Si tratta di avere il coraggio e la consapevolezza di riconoscere che è venuto il momento di cambiare dopo oltre 90 anni il codice penale, abolendo il doppio binario. La persona con disturbi mentali che commette un reato deve avere gli stessi diritti e gli stessi doveri degli altri cittadini. Quindi va sempre processata e, se ritenuta colpevole, condannata con le stesse pene, eventualmente per singoli casi con una specifica limitata attenuante.
Quindi sarà cura dei DSM, se realmente sussistono disturbi psichiatrici, intervenire all’interno delle stesse carceri, o, se possibile, preferibilmente nel territorio così come già accade per le dipendenze.
Inoltre, va finalmente posta all’attenzione della politica la questione della salute mentale nelle carceri italiane dove, secondo il recente XVIII Rapporto di Antigone, circa il 40% dei detenuti fa uso di psicofarmaci.

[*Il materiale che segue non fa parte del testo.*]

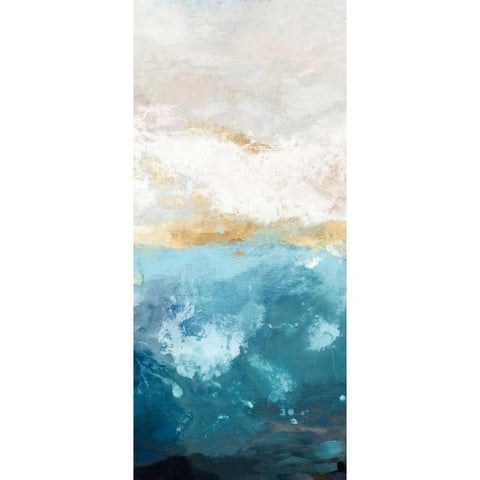 Water Gold II Black Modern Wood Framed Art Print by Reeves, Tom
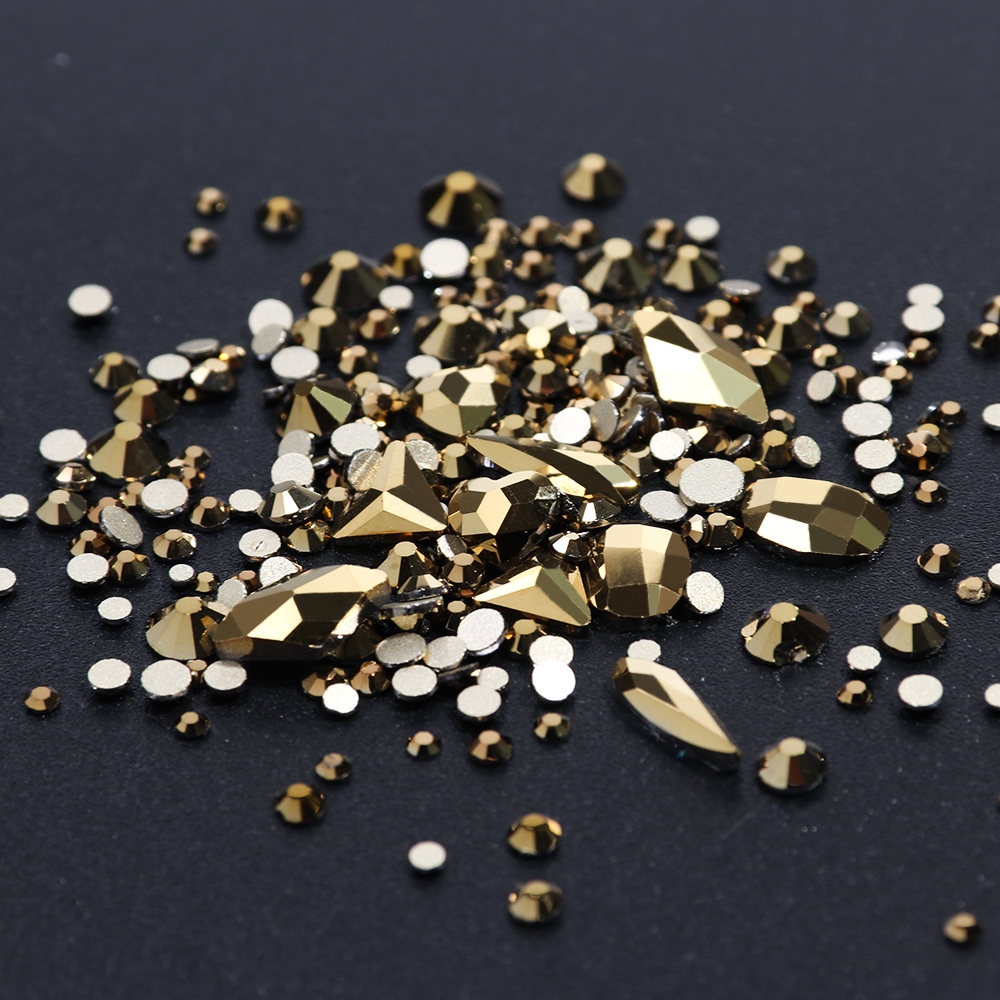 Họa tiết đá 3D bằng AB trang trí móng nghệ thuật NEW YORK STORM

Ma senza confondere la questione principale del disagio psicologico creato da una istituzione che avrebbe bisogno di più spazi, di più persone e più in generale di una maggiore umanizzazione, dai veri e propri disturbi psichiatrici per i quali c’è bisogno di una nuova organizzazione dei servizi di salute mentale negli istituti penitenziari, con risorse adeguate a partire dal personale, strettamente collegati con il territorio e con la loro autonomia sanitaria, anche se in stretto rapporto con l’amministrazione penitenziaria per creare un sistema virtuoso di sinergie.
Infine, come richiesto da più parti, c’è bisogno di un piano complessivo di rilancio della tutela della salute mentale, non solo con le necessarie risorse economiche e di personale, ma anche di natura culturale, contro lo stigma, mettendo al centro il paradigma bio-psico-sociale, rafforzando i DSM, partendo dai servizi per i minori e per gli adolescenti.
Ritornando alla sentenza di Trieste dei 30 anni di REMS, non rimane che riportare le parole del procuratore: “Io spero che questa tragedia serva a far uscire dal torpore la classe politica nella regolamentazione delle REMS, perché lo Stato deve dare una risposta adeguata al problema del folle reo”.